◆ WHAT YOU WILL DO: Please give again every entry exactly as it appears, setting aside the pictures.

(Items listed in a dataset)
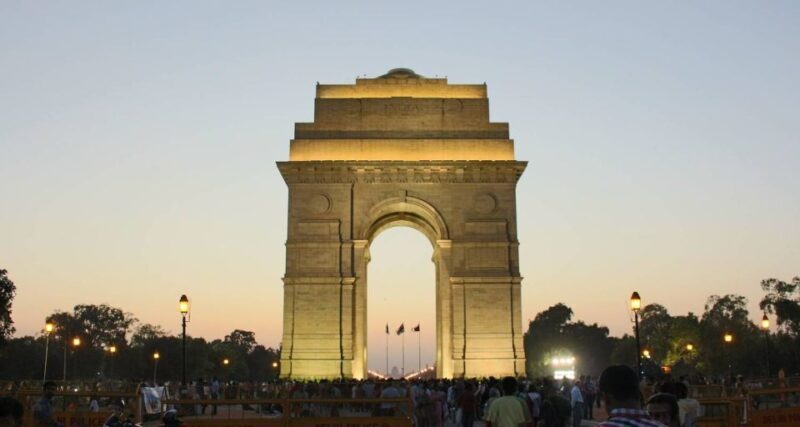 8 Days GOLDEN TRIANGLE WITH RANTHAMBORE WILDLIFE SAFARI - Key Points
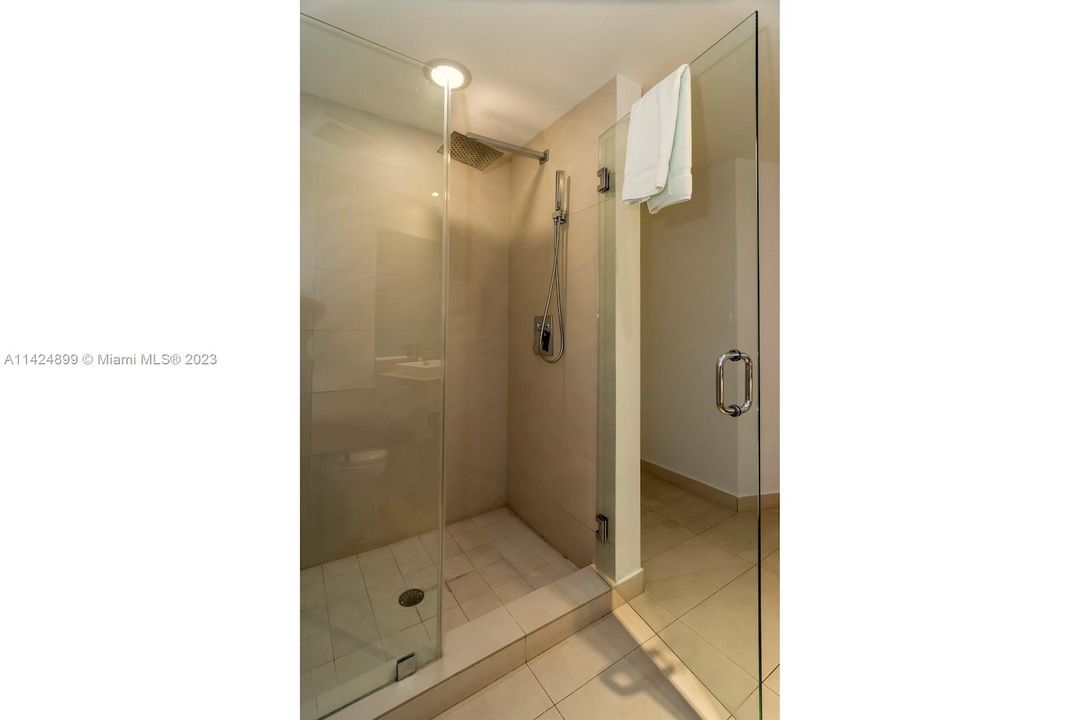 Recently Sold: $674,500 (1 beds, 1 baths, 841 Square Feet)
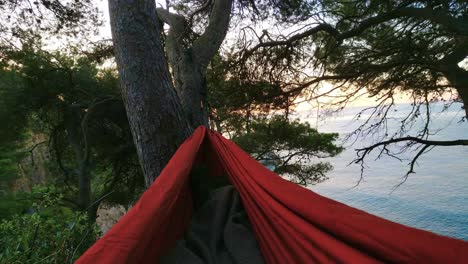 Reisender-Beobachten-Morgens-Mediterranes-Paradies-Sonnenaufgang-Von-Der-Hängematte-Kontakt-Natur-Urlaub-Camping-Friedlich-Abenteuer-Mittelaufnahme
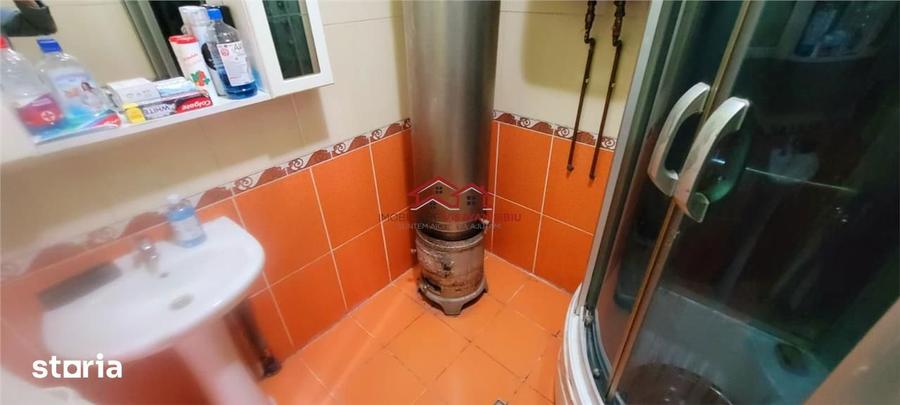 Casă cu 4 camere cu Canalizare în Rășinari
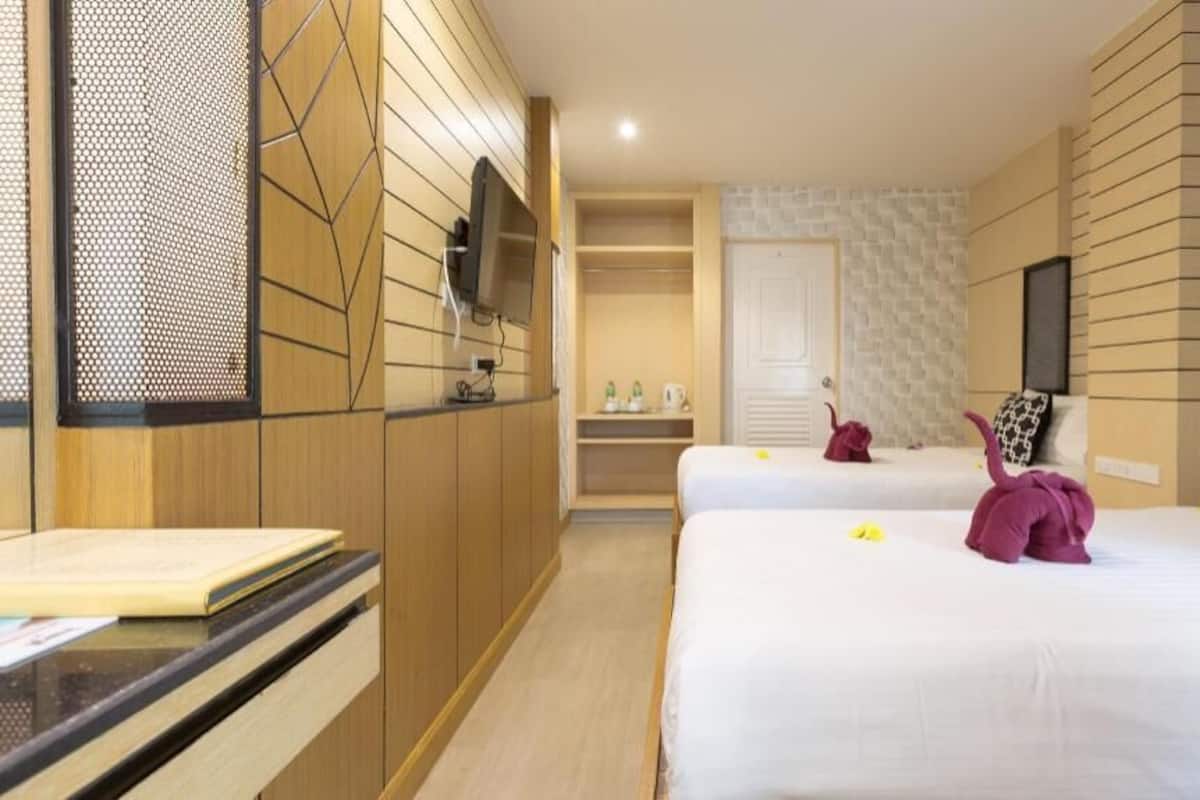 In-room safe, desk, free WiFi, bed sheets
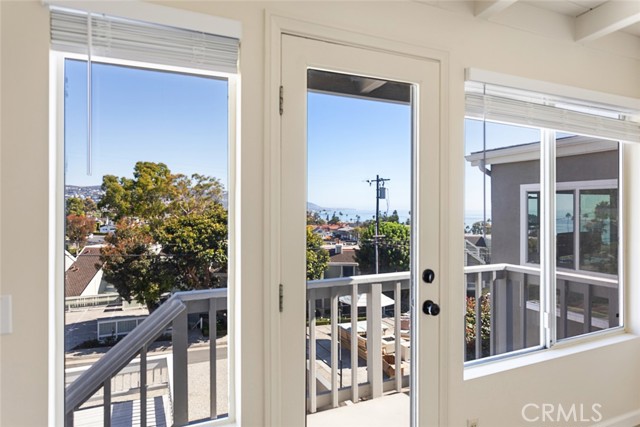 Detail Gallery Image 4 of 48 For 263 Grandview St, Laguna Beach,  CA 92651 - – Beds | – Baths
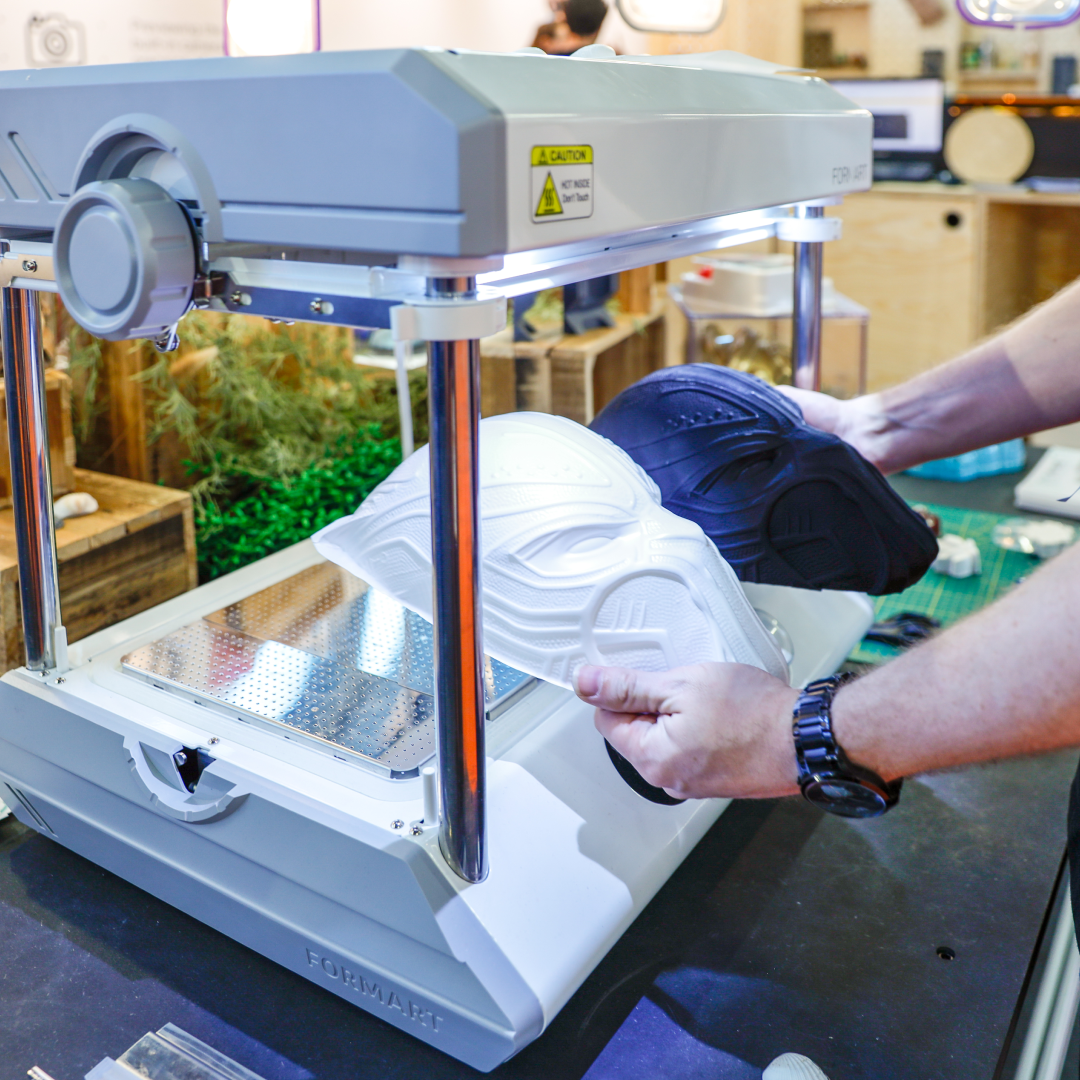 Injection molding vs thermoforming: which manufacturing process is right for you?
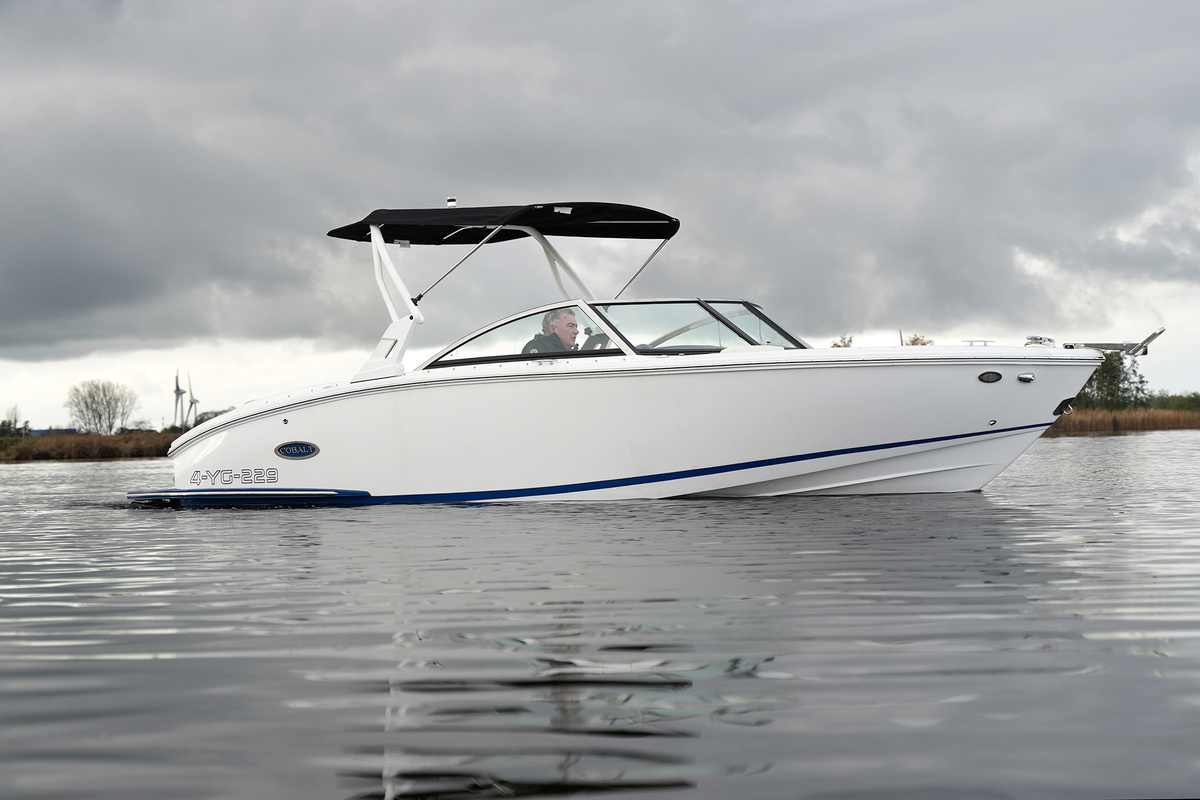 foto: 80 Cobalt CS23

◆ FINISHED EXERCISE:
 8 Days GOLDEN TRIANGLE WITH RANTHAMBORE WILDLIFE SAFARI - Key Points
 Recently Sold: $674,500 (1 beds, 1 baths, 841 Square Feet)
 Reisender-Beobachten-Morgens-Mediterranes-Paradies-Sonnenaufgang-Von-Der-Hängematte-Kontakt-Natur-Urlaub-Camping-Friedlich-Abenteuer-Mittelaufnahme
 Casă cu 4 camere cu Canalizare în Rășinari
 In-room safe, desk, free WiFi, bed sheets
 Detail Gallery Image 4 of 48 For 263 Grandview St, Laguna Beach,  CA 92651 - – Beds | – Baths
 Injection molding vs thermoforming: which manufacturing process is right for you?
 foto: 80 Cobalt CS23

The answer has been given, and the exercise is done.